Driver-Independent Containers
Alternatively, consider building driver-agnostic containers where the runtime dynamically links the appropriate drivers from the host machine, thus eliminating the need to package GPU-specific drivers inside the container. This approach, however, requires the host to maintain a correct and up-to-date set of drivers for all potential GPU types.
3. Multi-GPU Workload Scheduling
When managing infrastructure with heterogeneous GPUs, it is essential to have an intelligent scheduling mechanism to allocate the right GPU SKU to the right model inference task.

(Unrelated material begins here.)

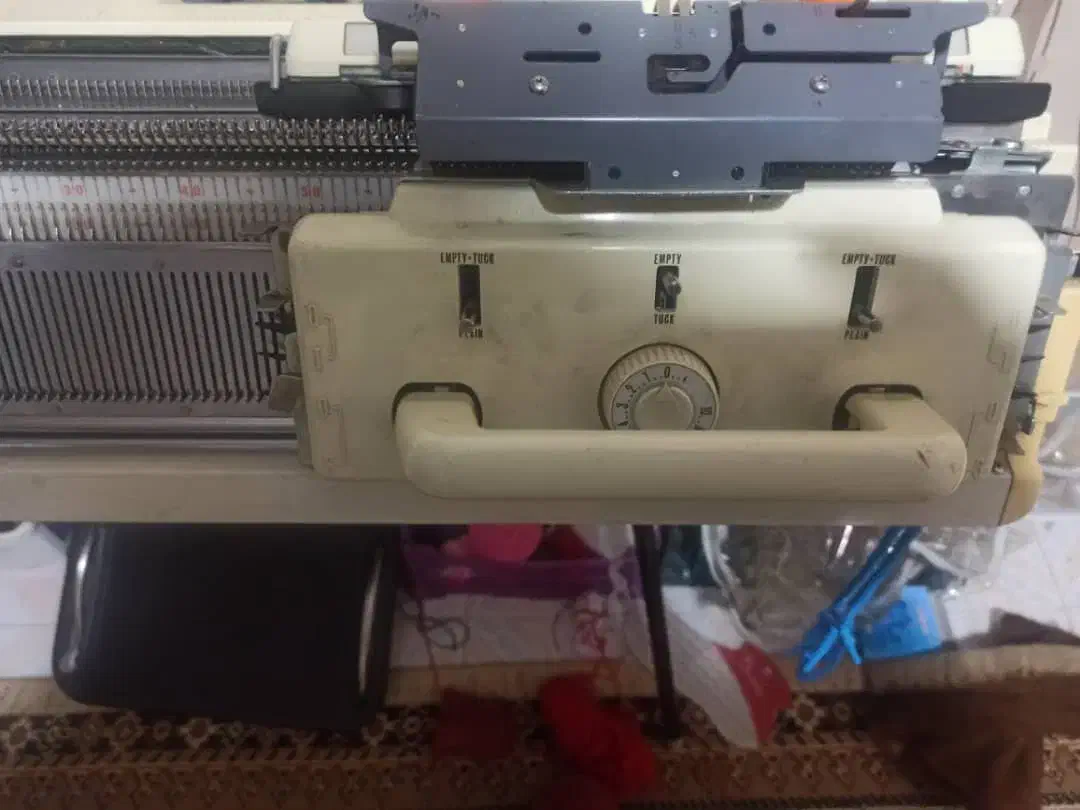 ماشین بافتنی وبافندگی تویوتا|چرخ خیاطی و ریسندگی|تهران, امیریه|دیوار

GPU Affinity and Task Matching
Certain models benefit from specific GPU features such as NVIDIA’s Tensor Cores or AMD’s Matrix Cores. Defining model requirements and matching them to hardware capabilities is crucial for efficient resource usage.
- Solution: Integrate workload schedulers like Kubernetes with GPU operators, such as NVIDIA GPU Operator and AMD ROCm operator, to automate workload placement and GPU selection. Fine-tuning the scheduler to understand model complexity, batch size, and compute precision (FP32 vs. FP16) will help assign the most efficient GPU for a given job.
Dynamic GPU Allocation
For workloads that vary in intensity, dynamic GPU resource allocation is essential. This can be achieved using Kubernetes' Vertical Pod Autoscaler (VPA) in combination with device plugins that expose GPU metrics.

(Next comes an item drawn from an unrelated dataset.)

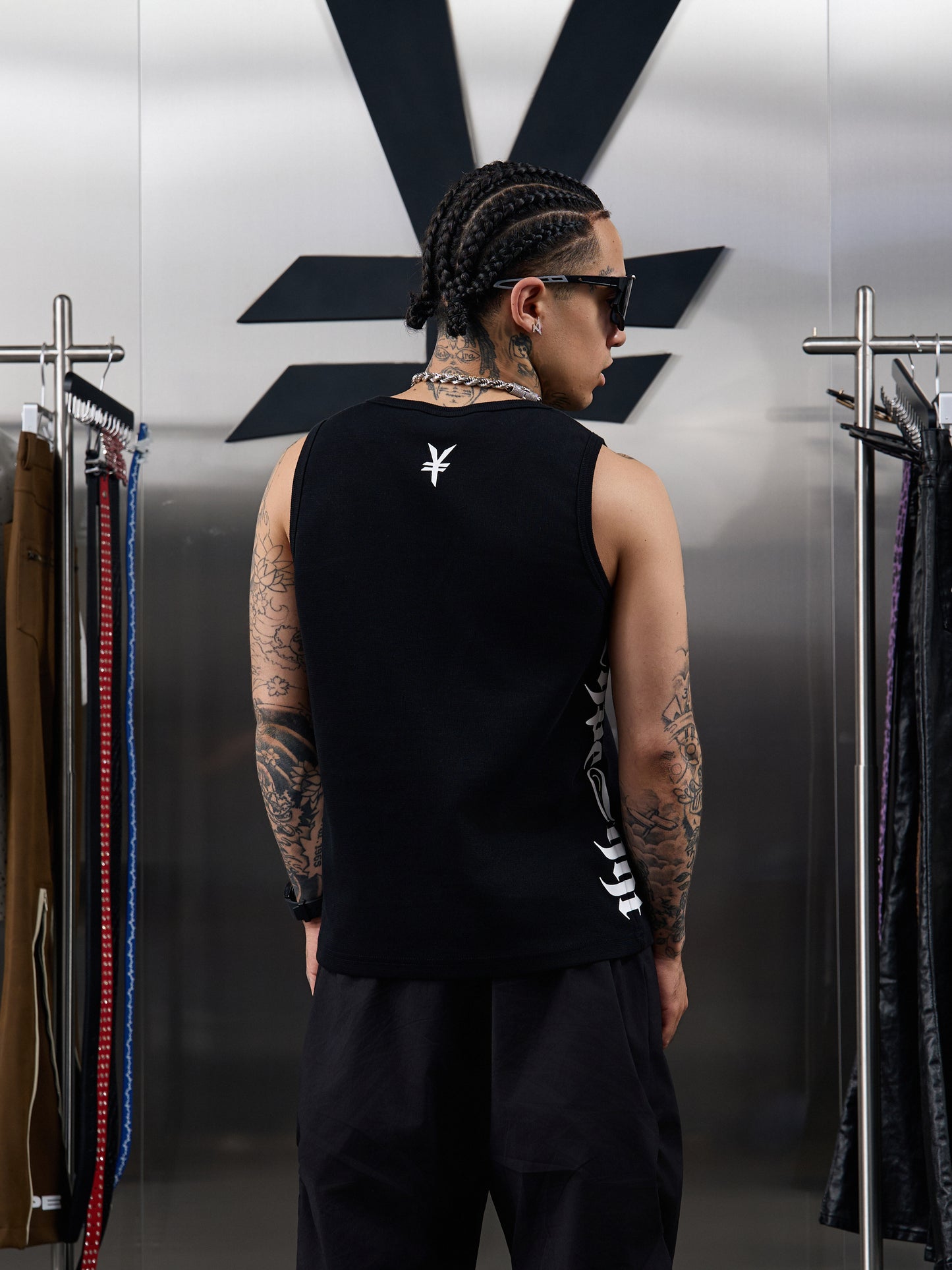 Graphic Letter Print Ribbed Tank Top WN20987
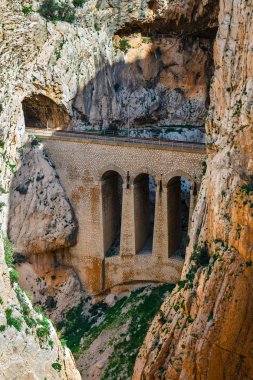 El Caminito del Rey ile tren taş köprü Malaga, İspanya.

4. Monitoring and Performance Tuning
GPU Monitoring
Utilize telemetry tools like NVIDIA’s DCGM (Data Center GPU Manager) or AMD’s ROCm SMI (System Management Interface) to monitor GPU usage, memory bandwidth, power consumption, and other performance metrics. Aggregating these metrics into a centralized monitoring system like Prometheus can help identify bottlenecks and underutilized hardware.
Performance Tuning
Periodically benchmark different models on available GPU types and adjust the workload distribution to achieve optimal throughput and latency.
Latency Comparisons
Below are the latency comparisons between NVIDIA and AMD GPUs using a small language model, llama2-7B, based on the following input and output settings (special callout to Satyam Kumar for helping me run these benchmarks).
Figure 1: AMD’s MI210 vs NVIDIA’s A100 P99 latencies for TTFT (Time to First Token)
Figure 2: AMD’s MI210 vs NVIDIA’s A100 P99 latencies for TPOT (Time per output token)
Here is another blog based on performance and cost comparison: AMD MI300X vs. NVIDIA H100 SXM: Performance Comparison on Mixtral 8x7B Inference, which can help in making decisions about when to use which hardware.
Conclusion
The in-house model serving infrastructure provides businesses with greater control, cost-efficiency, and flexibility. Supporting multiple GPU SKUs ensures resilience against hardware shortages, optimizes costs, and allows for better workload customization. By abstracting GPU-specific dependencies, optimizing containers, and intelligently scheduling tasks, organizations can unlock the full potential of their AI infrastructure and drive more efficient performance.